The problem is that the story on which all of this stuff has been predicated was untrue. Catherine Genovese was murdered, yes. She was subjected, over half an hour, to unimaginable suffering. But her suffering was not witnessed by 38 heartless and passive bystanders. Writer Kevin Cook, who recently found surviving witnesses and documented, albeit unused, evidence, has established that only a handful of people heard the initial screams, and one of them, as stated, got rid of the attacker by shouting at him. Many of the others, watching Genovese stagger around the corner, assumed she had been beaten or was drunk, but no more than that. That they didn’t immediately ring 911 (the US equivalent of 999) can be explained by the fact that 911 didn’t exist back then. Calling the police was a much more complicated affair, as opposed to the reflex it is today (the Genovese death sparked the introduction of easily-remembered, easily-dialled emergency numbers).
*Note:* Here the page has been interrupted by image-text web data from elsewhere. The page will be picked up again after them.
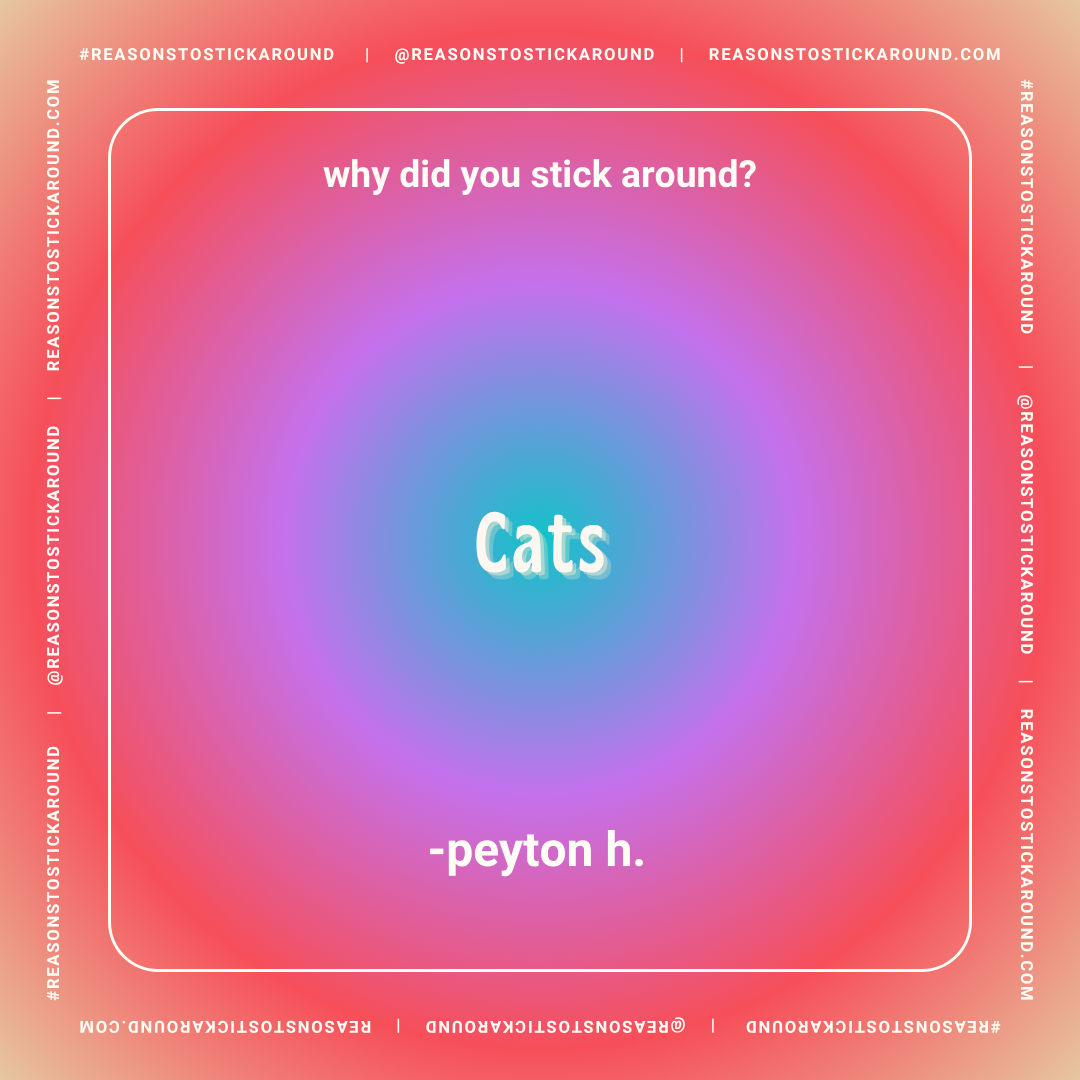 Colorful gradient background with text asking "why did you stick around?" and the answer "Cats" in the center, credited to peyton h., with social media and website information around the border.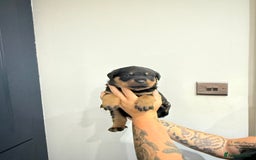 Rottweiler dogs for sale: 🐾 STUNNING ROTTWEILER PUPPIES FOR SALE! 🐾 - Image 8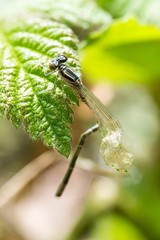 Hufeisen-Azurjungfer (Coenagrion puella) direkt nach dem Schlüpfen mit geknicktem Leib und...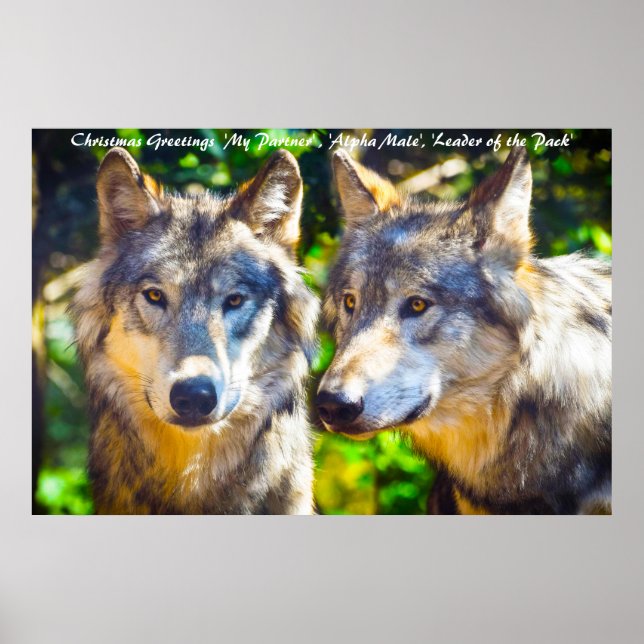 Weihnachts-Gründerführer des Pakets Poster (Vorne)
BUT even with the inherent difficulty, some did call the police in reaction to the first attack. Some did more. One neighbour — a petite woman named Sofia — threw on a coat and followed the blood-trail to find her friend dying in the lobby of nearby apartments. In choosing not to be a passive bystander, the neighbour took the risk that she too might be stabbed.
Newspaper coverage has been described as “the first draft of history”.
In this instance, the reporter and editor wrote a first draft that lifted a murder out of the ordinary into the definitive, damaged a neighbourhood, improved police systems, made the world more fearful — and was wrong in its basic premise.
This happened when media had the time and personnel to do in-depth investigations.
It happened because the editor involved carried baggage. He was super-sensitive to the issue as his sister had almost died in a street attack. Then the rest of media bought into a popular consensus, rather than going back to sources who would have told the truth, and taken the wind out of a great story. It’s easy and populist to be sceptical of the obvious scepticism targets.
It’s much harder to be sceptical of received truth. But it’s much more important.